[ntp:questions] Setting up a NTP Time Server
unruh-spam at physics.ubc.ca
Wed Apr 9 05:26:47 UTC 2008
hal-usenet at ip-64-139-1-69.sjc.megapath.net (Hal Murray) writes:
>>>No. All you need is refclock_nmea (127.127.20.x) for a directly
>>>connected NMEA device. Assuming that you're using a Linux kernel with
>>>PPS-kit or a BSD kernel (or another kernel which directly supports PPS).
>>OK, lets assume the kernel does NOT have the PPS support. Then what?
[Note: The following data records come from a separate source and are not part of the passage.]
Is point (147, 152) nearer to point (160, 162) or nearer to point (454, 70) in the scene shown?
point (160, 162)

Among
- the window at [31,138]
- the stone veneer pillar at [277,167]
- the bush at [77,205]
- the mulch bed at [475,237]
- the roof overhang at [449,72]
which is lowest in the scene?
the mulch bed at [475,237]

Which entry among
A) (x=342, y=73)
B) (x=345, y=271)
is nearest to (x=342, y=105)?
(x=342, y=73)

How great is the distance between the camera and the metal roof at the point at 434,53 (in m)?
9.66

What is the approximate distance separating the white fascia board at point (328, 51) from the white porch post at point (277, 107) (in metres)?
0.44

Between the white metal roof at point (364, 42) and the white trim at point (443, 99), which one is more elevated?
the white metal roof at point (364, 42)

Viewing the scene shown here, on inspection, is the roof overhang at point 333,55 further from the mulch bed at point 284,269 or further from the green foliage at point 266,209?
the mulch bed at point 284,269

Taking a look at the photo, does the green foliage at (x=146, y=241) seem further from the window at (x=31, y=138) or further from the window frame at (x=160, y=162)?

>If you setup a NMEA refclock, it runs off the text strings
>on the serial port. It works, it just doesn't keep as good
>time as you normally get from PPS.
Yes. I was wondering how to use the PPS output even if the kernel does not
have pps support.
There is the shm support.
>How good depends on your GPS device. A lot of them have
>a lot of jitter.
The net ouput from a GArmin 18LVC into a Linux box, via my own interrupt
routine, is about plus or minus 2usec ( that includes any jitter in the GPS
pps signal, the clock reading jitter).
I use my own parallel interrupt routine (based on the O'Reiley book by
Alessandro Rubini and Jonathan Corbet "Linux Device Drivers"-- the short.c
driver). which is read by an adapted shm driver.
>You also get jitter from the OS (and serial port hardware).
>There should be a simple recipe to minimize that. I haven't
>seen one and several tries haven't produced anything that
>I'd call good-enough. (When I run out of other things to
What is good enough?
>These are my opinions, not necessarily my employer's. I hate spam.